Même en 2020, l’Amérique demeure une Nation jeune. Et ce, malgré les vieux dirigeants qui prétendent la diriger. Deux-cent quarante-quatre ans, c’est beaucoup et peu à la fois. Voilà pourquoi les américains n’ont aucun mal à revisiter leur Histoire, contrairement aux injonctions contemporaines qui n’ont de cesse de réécrire le passé, quand celui-ci n’est pas tout bonnement censuré. En témoigne le succès du western au cinéma dont les multiples incarnations peuplent nos écrans, petits et grands. Cette salutaire survivance peut être vue comme une réponse fière, tête haute, au déboulonnement du statuaire américain. Mais aussi comme une foi profonde dans le passé, toujours bien présent. 

La musique populaire n’échappe pas à ce constat, réjouissant au demeurant. Au pays de l’oncle Sam, même lorsqu’il arbore la mèche blonde, on écoute sans problème les vieux standards comme les nouveaux hits, que l’on soit jeune ou vieux. Aucun jugement ne vient entamer l’enthousiasme du peuple américain. Ce qui explique que, là-bas, l’Americana ait toujours le vent en poupe, que la Country Music ne soit jamais perçue comme un truc ringard. Ce sont des genres vivants, populaires voire prisés qui ont leurs héros du quotidien, et même leur aristocratie (Springsteen et Dylan). Même sur Internet, dominé par les réseaux sociaux et les chaînes de Streaming, on découvre de jeunes rappeurs réagir à chaud et fondre littéralement à l’écoute de Jolene de Dolly Parton. Comme si les américains voyageaient dans une Dolorean, confondant ainsi dans un joyeux bordel passé, présent, futur. Les Lemon Twigs s’inscrivent dans cette tendance. Depuis leur premier album sorti en 2016, nos deux young dudes ne se privent pas de regarder derrière eux, de farfouiller dans la malle aux trésors pop, dont l’âge d’or remonte pourtant à une époque antique – les sixties, seventies – pour écrire leurs chansons. 

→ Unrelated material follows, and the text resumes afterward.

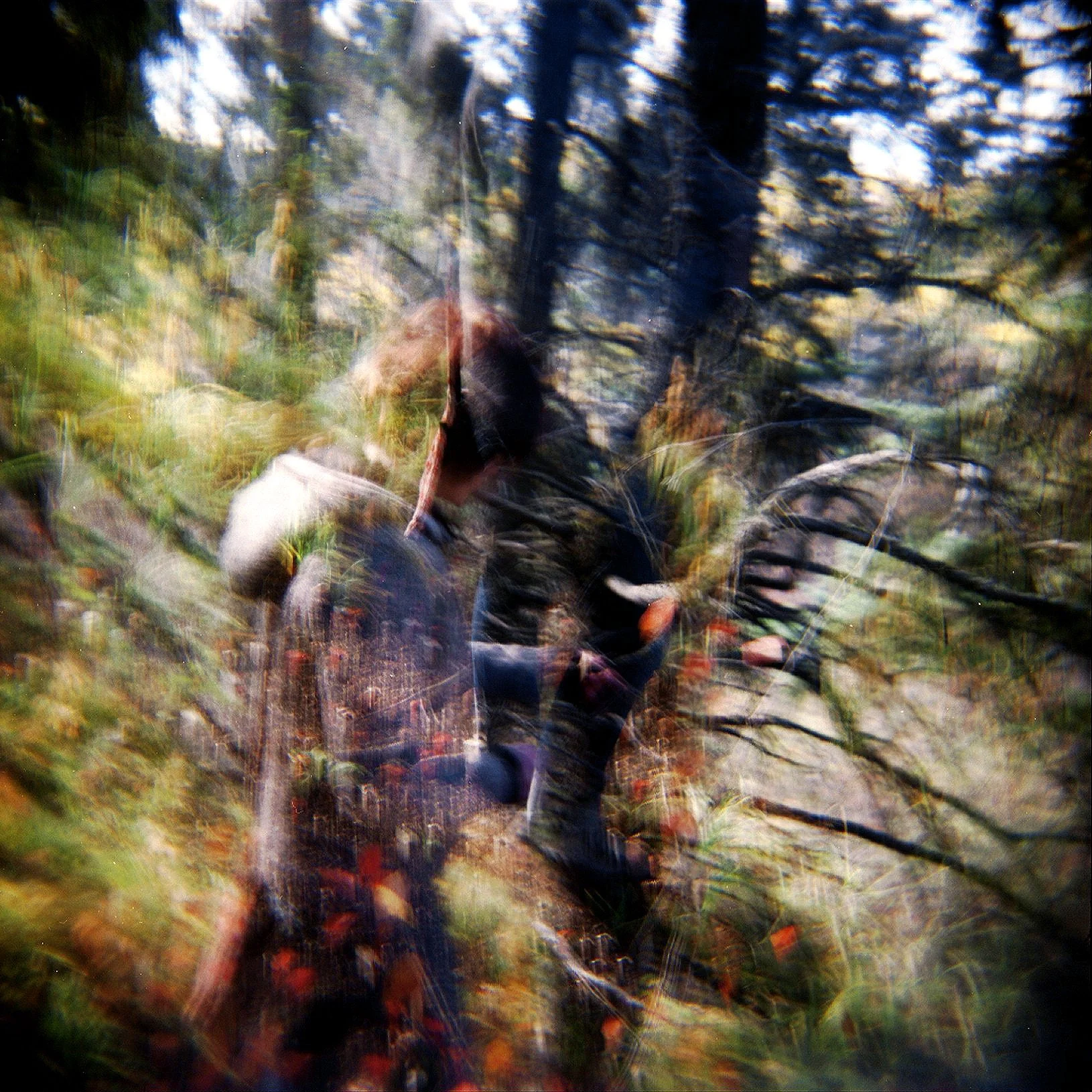  Laura “Lola” Saik 120mm film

Plusieurs arguments à cela ! Nos jeunes garçonnets sont des enfants de la balle. Brian et Michael D’Addario ont commencé leur carrière artistique à Broadway, comme acteurs. Ce qui explique sans aucun doute leur goût prononcé pour la théâtralité et le baroque. Tout dans leur musique scintille comme une annonce de comédie musicale. Deuxièmement, leur père Ronnie D’Addario a lui aussi connu une trajectoire pop à la toute fin des années 70, gravant une bonne trentaine de chansons, rééditées depuis. Pas rancunier face à l’insuccès, il accompagne désormais ses fils lors des sessions d’enregistrement. La troisième raison est générationnelle : Brian et Michael ont grandi avec Internet. Cette corne d’abondance digitale a ouvert la porte d’un royaume pas tant méconnu mais surtout sans limite. A l’heure du streaming et du mp3, autant dire que plus rien, pas même la plus petite pochade pop, n’échappe aux radars de la Génération Z.

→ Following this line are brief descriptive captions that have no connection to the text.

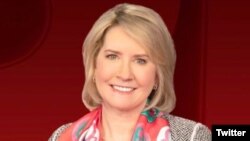 ویکتوریا کوتس، معاون مشاور پیشین امنیت ملی آمریکا 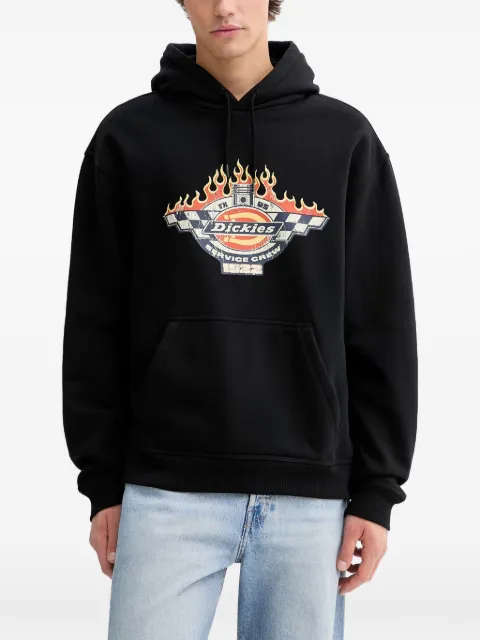 DICKIES graphic hoodie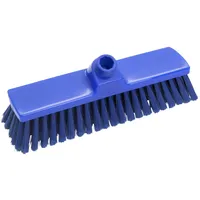 Haug® bürsten Besenkopf 30,0 cm Blau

Dans un tel contexte, il n’est donc pas étonnant que Songs for the General Public soit truffé de références, antédiluviennes pour certains, magiques pour d’autres. Fort heureusement, elles sont ici parfaitement assimilées de telle sorte qu’on ne songe pas, comme certains l’ont dit et écrit, à Bowie, Bolan ou Elton mais aux Lemon Twigs. Le seul artiste auquel on pourrait les rattacher pour ce mimétisme musical et presque physique reste Todd Rundgren. Logique, on le retrouve dans certaines des meilleures chansons de leur précédent album. Ce qui fait la différence s’agissant des Twigs par rapport au Vulgum Popus, c’est l’écriture. Seuls ou à deux, Brian et Michael ont le don de trousser des mélodies imparables que l’on retient d’emblée ; croyez-moi, c’est rare ! Leur jeunesse, leur impétuosité leur font sauter sans problème toutes les barrières morales (la nostalgie, c’est mal), les injonctions contemporaines (être de son temps) que l’on a dressé devant eux. Ils le font avec génie et de manière plus ramassée que sur Go To School – douze chansons contre seize. La première face est impeccable. Elle démarre dans l’évidence avec Hell on Wheels. Michael y chante de façon bestiale, et sa folie se prête formidablement bien au refrain radio-iconique. Brian lui emboîte le pas avec le tendre et vif Live in Favor of Tomorrow. Une merveille ! Que n’y avions-nous déjà pensé ! No One Holds You (Closer Than The One You Haven't Met) prend le relais sans jamais décliner. Synthés pimpants, piano pop, chœurs à gogo en constituent les principaux ingrédients. Dans l’écriture on ne peut le certifier, mais dans l’interprétation les frères D’Addario semblent s’être réparti les rôles. À Michael les compositions clairement rock et déjantées, à Brian les titres les plus primesautiers et romantiques. Fight penche du premier côté, même s’il ne se départi pas d’un velours plus universel que velvetien. Somebody Loving You a tous les apparats des hymnes stadium sans être gonflé à l’hélium : l’apparente légèreté cache une structure complexe, entre le couplet et le refrain, transcendée par une production fastueuse. Moon referme cette face sur des accents presque dissonants. Là encore, le refrain emporte tout. Qui peut en dire autant ? 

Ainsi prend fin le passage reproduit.